A person with good hearing can detect sounds in the frequency range of 20 Hertz and 20,000 hertz (20KHz). But many naturally occurring sounds fall outside this frequency range and are therefore inaudible to humans. An electric circuit in operation, for example, might be emitting electrical discharge with an associated sound frequency considerably higher than 20KHz, thus seemingly silent to the human ear. Electrical partial discharge can generate acoustic emission signals from 20KHz to more than 100KHz.

But the frequency is not the only factor that needs consideration. Imagine a compressed air system with a complex array of air lines and associated joints. If a significant leak has occurred, often the first signal to an observer is the sound of the compressed air or gas leaking through the faulty joint. However, if the leak is extremely small the amount of noise can be inaudible to the human ear and hence go undetected. Another problem associated with compressed air systems is that the air transfer lines are often elevated several metres above the ground to avoid obstruction in the main construction area. This means that even if the air leak is audible on close inspection, the distance from the operator means it often goes unnoticed for a long time.

At this point you may be saying, “so what? What if there are a number of small air leaks in my compressed air system?” A well-known compressor manufacturer has estimated that the average leakage rate is about 25% with some plants losing about 80% of their compressed air through leaks.
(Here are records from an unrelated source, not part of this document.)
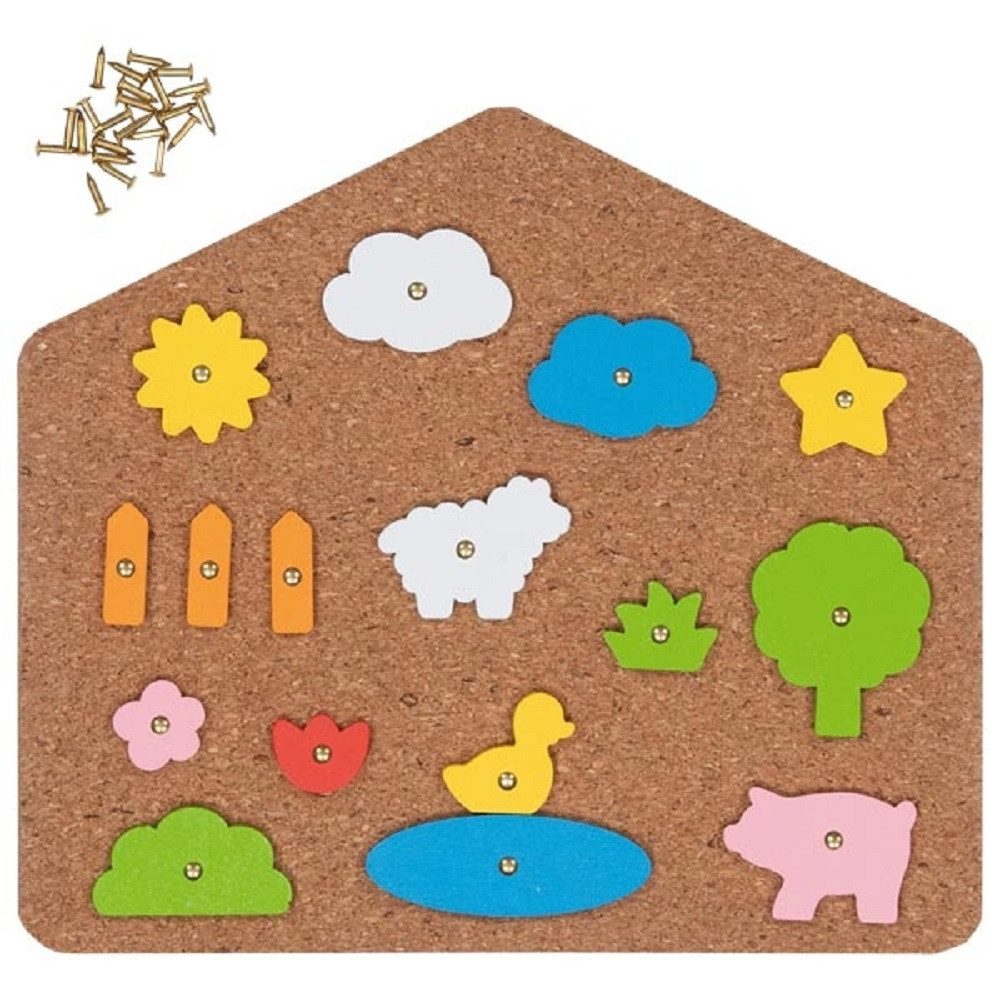 goki Spiel GOKI Hammerspiel Haus aus Holz 112tlg. 58307 NEU, Inkl. Hammer, Nägel, Motive u. Korkplatte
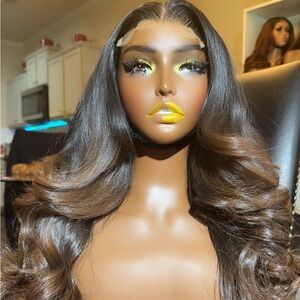 Luxurious Raw Viet Brown Ombre HD Lace Wig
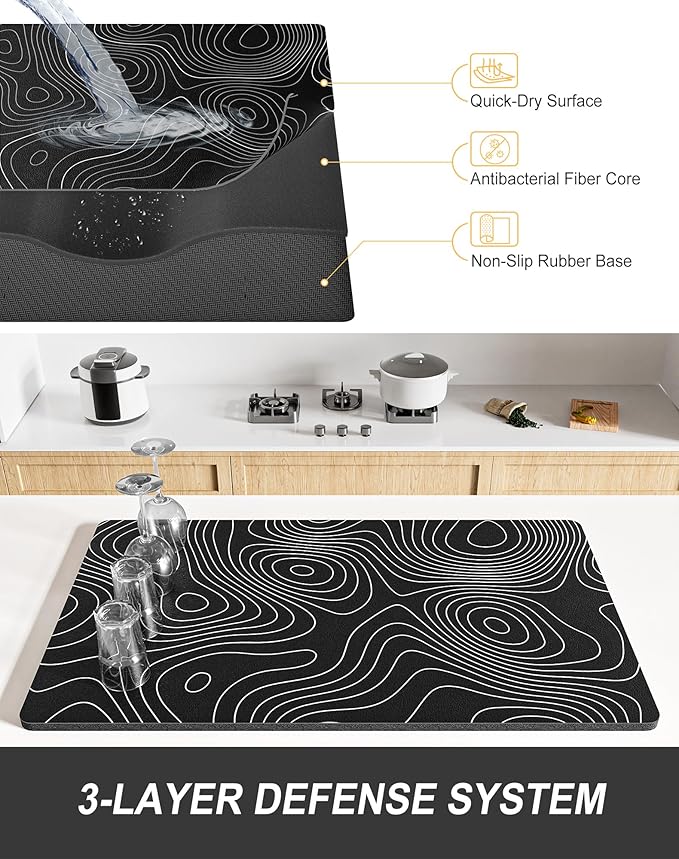 Rnivvi Dish Drying Mat for Kitchen Counter, 12 x 19" Cute Marble Super Absorbent Draining Pad, Non-Slip Heat Resistant Coffee Bar Mats for Coffee Machine Station Accessories, Line Art Dish Rack Pad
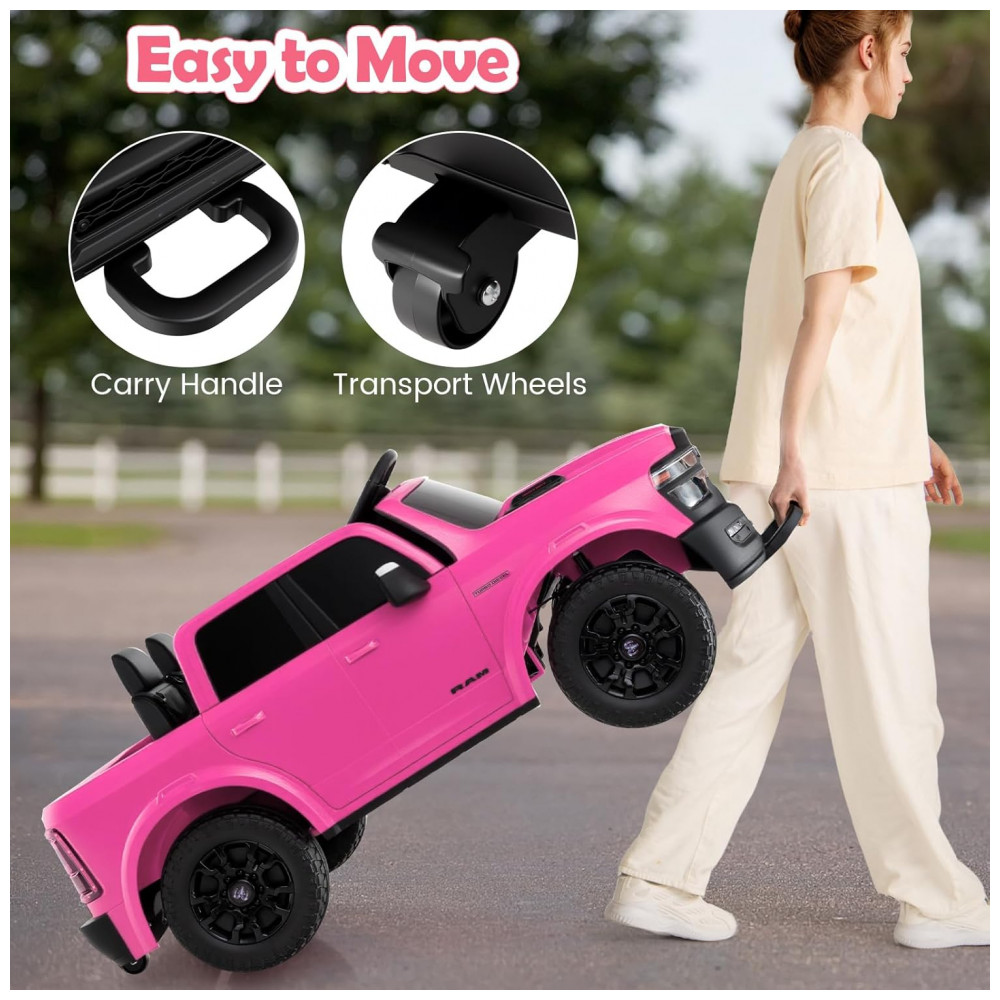 ECTQCRYTCB1G0B_7-1.jpg - Carro Elétrico Infantil 2 Lugares 24V, 2x100W, Controle Remoto, Suspensão 4 Rodas, Costzon Ram 2500 Rebel, Rosa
The obvious ramification of air leaks is energy use. The majority of European manufacturers have faced huge energy increases in recent years and are seeking to reduce electricity consumption. Even very small leaks can amount to a significant monetary loss over a prolonged period. Many companies simply increase the operating pressure of the compressor to compensate for leaks, but this simply accentuates the problem as more gas leaks under the higher pressure, further increasing the electricity use and hence hurting the bottom line.

Whilst repairing these leaks is relatively simple, they often go undetected for many months given the often obscure and remote locations coupled with the extremely low level sounds emanating from the problematic air lines.

Imagine a solution in the form of an instrument containing not one but one hundred and twenty-four separate, highly sensitive microphones capable of detecting the slightest of sounds at several hundred feet and you have the Si124 acoustic camera from FLIR.

Introduced in 2021 the camera has been widely used across the globe to detect the slightest of leaks in compressed gas systems including large pneumatic assemblies and refrigerant gas systems too, saving industry millions of dollars in energy use, operational efficiency and unscheduled downtime.

The wide frequency range of the FLIR Si124 of 2 -65kHz means it can not only be used to detect faults on compressed lines but also used to detect electrical discharge. Unsurprisingly power generation companies, rail operators, and virtually any company utilizing high voltage systems have found the FLIR Si124 to be an invaluable piece of equipment, important not only in reducing maintenance on high voltage systems but in ensuring safety for employees and contractors.

When unboxing the FLIR Si124 Acoustic Imaging Camera the first thing any observer will notice is the lightweight nature of the unit, making extensive inspections effortless. The 124 microphones work together to produce a precise acoustic image that visually conveys ultrasonic information even in environments with loud background noises. Working in real time, the acoustic image is transposed to the screen on top of a visual image taken by the onboard digital camera allowing the operator to accurately pinpoint the source of the problem in an instant, meaning inspections can be carried out in a fraction of the time taken using traditional methods. The operator then utilises the FLIR Si124 Acoustic Camera Viewer cloud service to save images to the cloud after their capture, and to create reports for repair work orders. The system not only allows access to the stored images but to the associated sound files for a much deeper analysis and classification of problems.

The 100 meters+ detection range of the FLIR Si124 camera overcomes the problem of in-accessible and restricted areas. Even at these large distances the camera is capable of producing pin-sharp images allowing the user to identify exact problematic areas even against complex backgrounds. At close ranges, the improved sensitivity of the new camera really comes into it’s own; at 65kHz the high sensitivity is capable of detecting the tiniest of leaks.

The high definition colour screen is easy to read even in the most challenging of environments. Not only is the air or gas leak clearly located, by programming various variables on the camera it automatically calculates the annual financial loss caused by the air leak. This figure is displayed on the screen, providing an immediate quantifiable monetary value.

With the FLIR Si124 Acoustic Imaging Camera detecting the sound of silence has never been easier.